The Swatch Art Peace Hotel is on the site that was first occupied by the Central Hotel in 1854. The three-story structure was the city’s most luxurious hotel at that time. In 1905, its owner, Central Stores Limited Company, decided to renovate the building and re-name it the Palace Hotel.

The British architect Walter Scott was invited to submit his designs. Scott, who was born in India and educated in Britain, had lived in China since 1889. He was instructed to respect as many of the hotel’s existing structures as possible.

In 1907, prior to the completion of the renovation, a fire led to extensive damage to the building under construction and the Board of Directors chose to commission a completely new building. The new Palace Hotel finally opened its doors for business in 1908. The year above the door, 1906, reflects the date of the architect’s blueprints.

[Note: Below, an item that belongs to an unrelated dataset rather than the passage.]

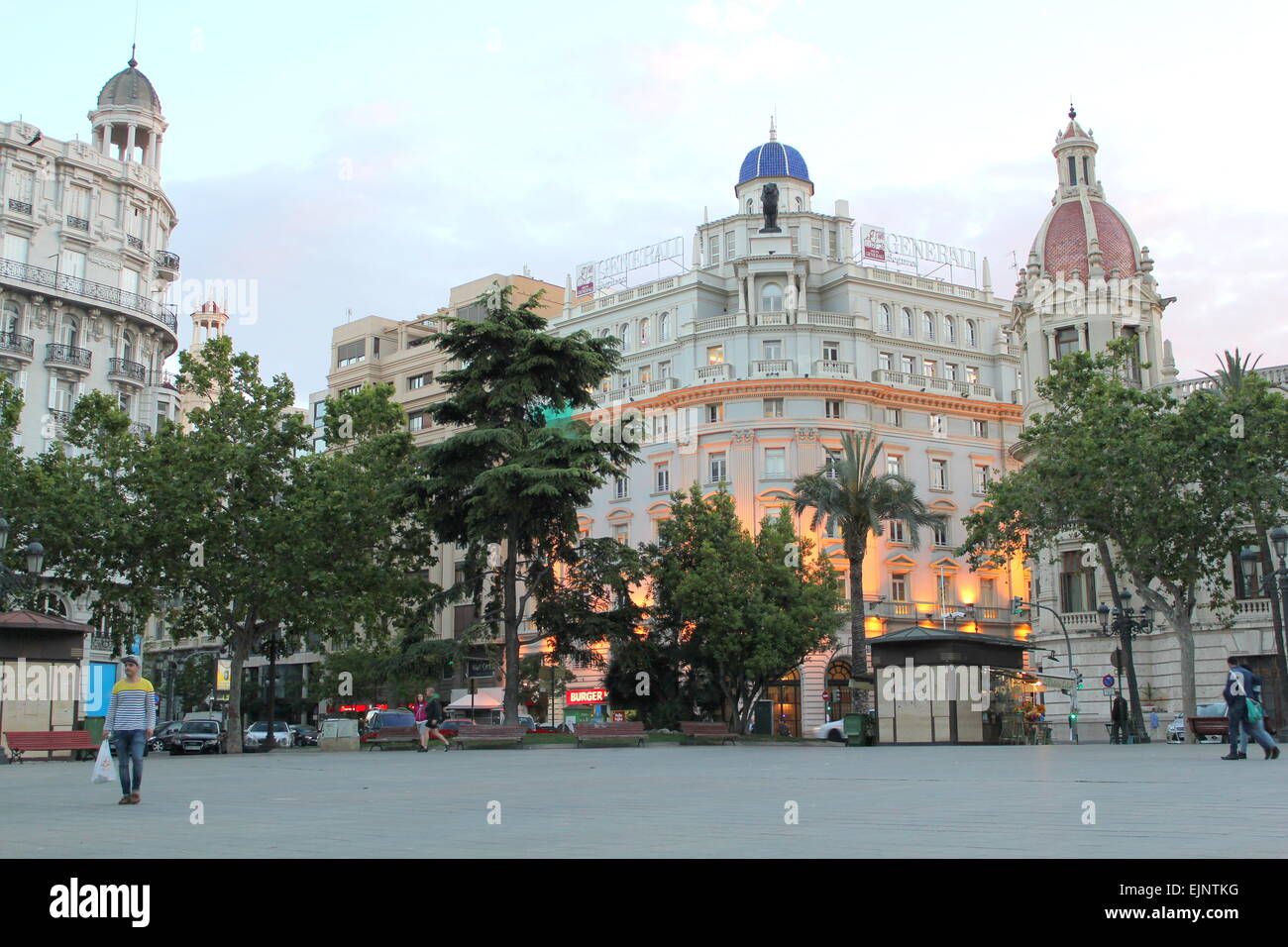 Plaza del Ayuntamiento in Valencia, Spanien, Blick nach Süden Stockfoto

Later known as The Peace Hotel South Building and today as the Swatch Art Peace Hotel, the building enjoys protected status as a cultural monument. The Swatch Art Peace Hotel project has engaged experts in historic preservation who, in their restoration efforts, have respected the building’s cultural heritage and its status as one of Shanghai’s most significant and well-known landmarks. Interestingly, its elevators were the first in Shanghai to carry people.

In its long history, the Palace Hotel welcomed a number of illustrious guests and hosted some notable events including the First International Opium Conference in 1909. Political leader Sun Yat-Sen gave an important address there after becoming the provisional President of the Republic of China. Chiang Kai-shek and his fiancée celebrated their engagement at the Palace Hotel.